═══ Material shown ═══

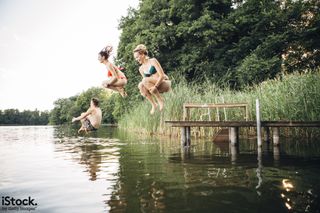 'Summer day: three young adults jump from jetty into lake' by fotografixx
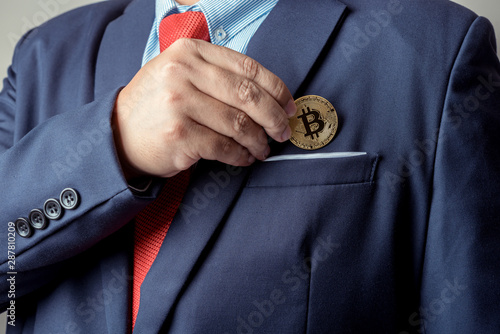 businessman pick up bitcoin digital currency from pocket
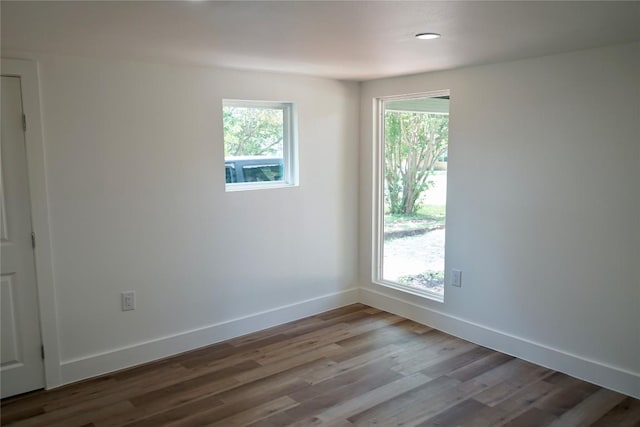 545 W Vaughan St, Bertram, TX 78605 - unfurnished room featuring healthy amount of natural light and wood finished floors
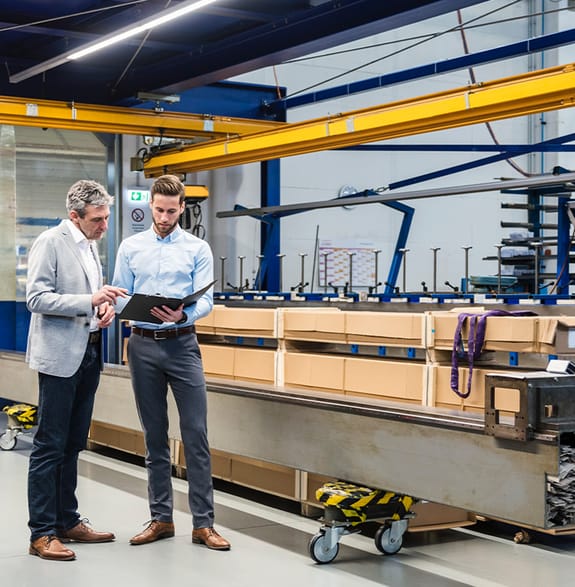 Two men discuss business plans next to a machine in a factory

═══
═══ Material shown ═══

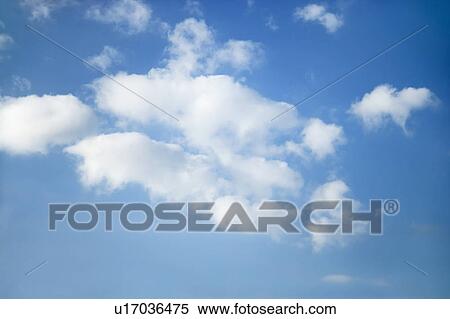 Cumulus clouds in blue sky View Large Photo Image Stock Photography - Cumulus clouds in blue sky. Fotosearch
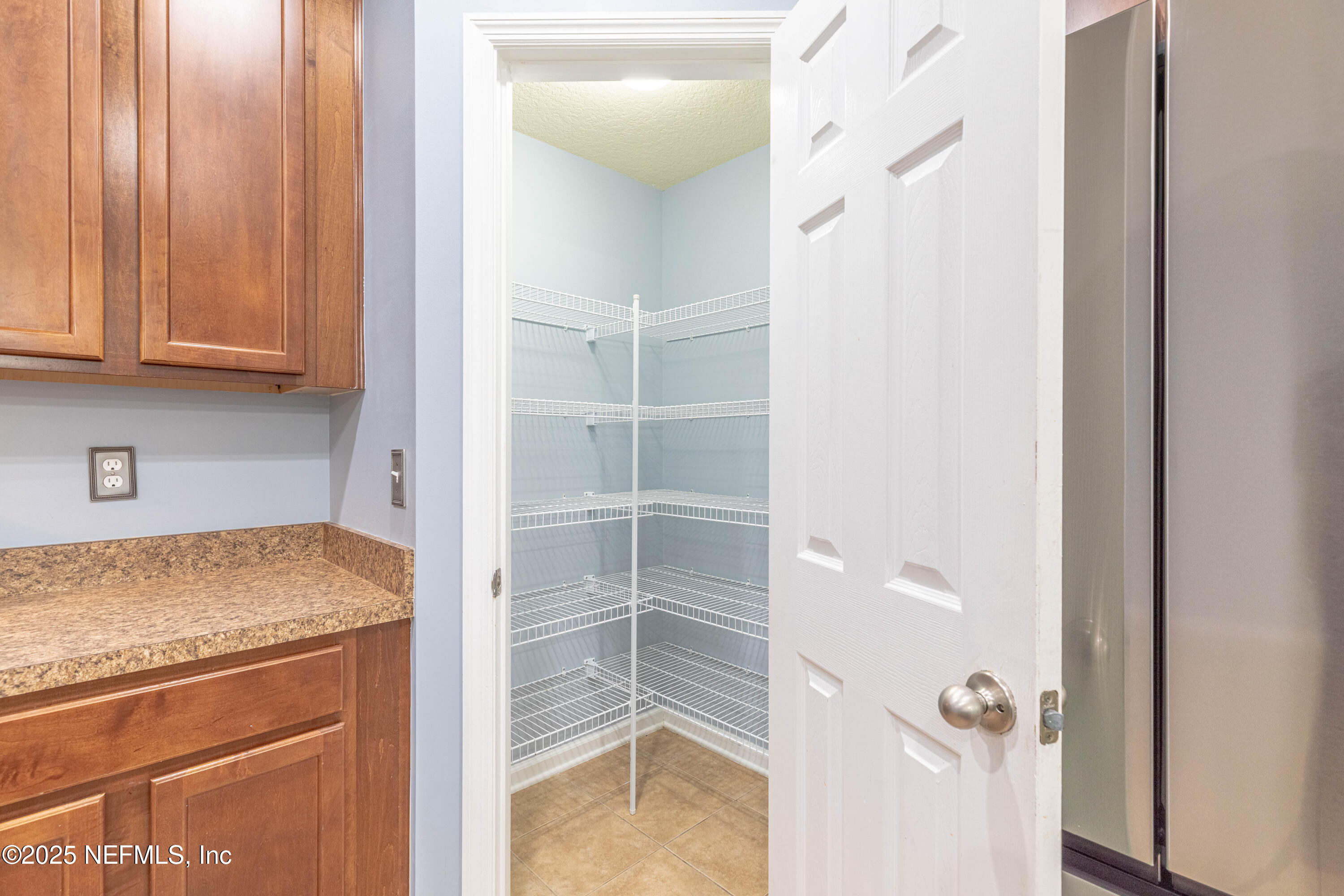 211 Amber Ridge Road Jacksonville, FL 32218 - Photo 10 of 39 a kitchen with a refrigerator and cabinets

═══
═══ Material shown ═══

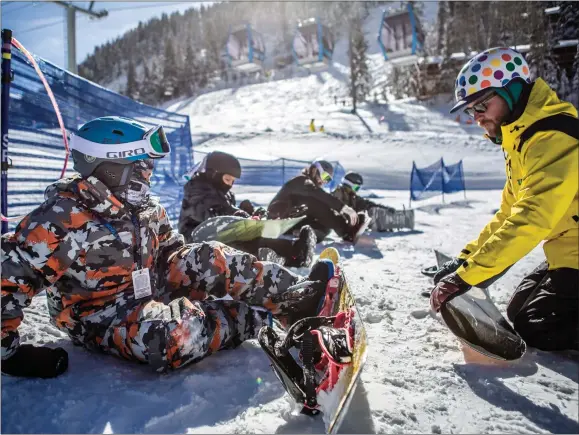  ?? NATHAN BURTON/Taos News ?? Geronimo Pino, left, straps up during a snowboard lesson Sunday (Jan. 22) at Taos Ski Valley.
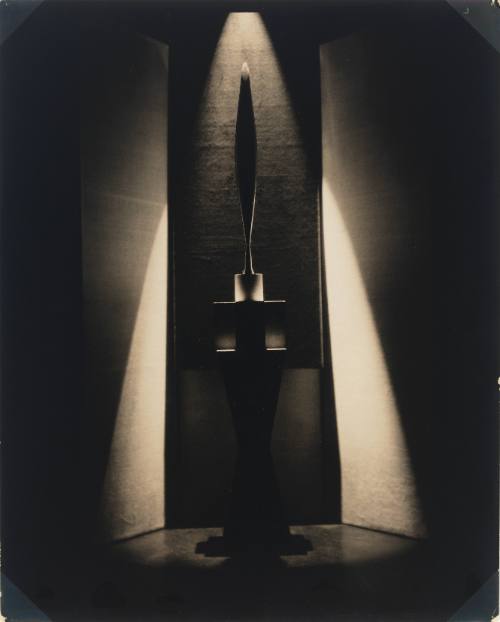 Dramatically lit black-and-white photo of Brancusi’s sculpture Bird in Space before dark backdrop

═══

[Problem description]: Go back to the listing above and reproduce, exactly, the stretch from the line bearing "Cumulus clouds in blue sky View" through the line bearing "211 Amber Ridge", without its pictures.

[Final answer]:
 Cumulus clouds in blue sky View Large Photo Image Stock Photography - Cumulus clouds in blue sky. Fotosearch
 211 Amber Ridge Road Jacksonville, FL 32218 - Photo 10 of 39 a kitchen with a refrigerator and cabinets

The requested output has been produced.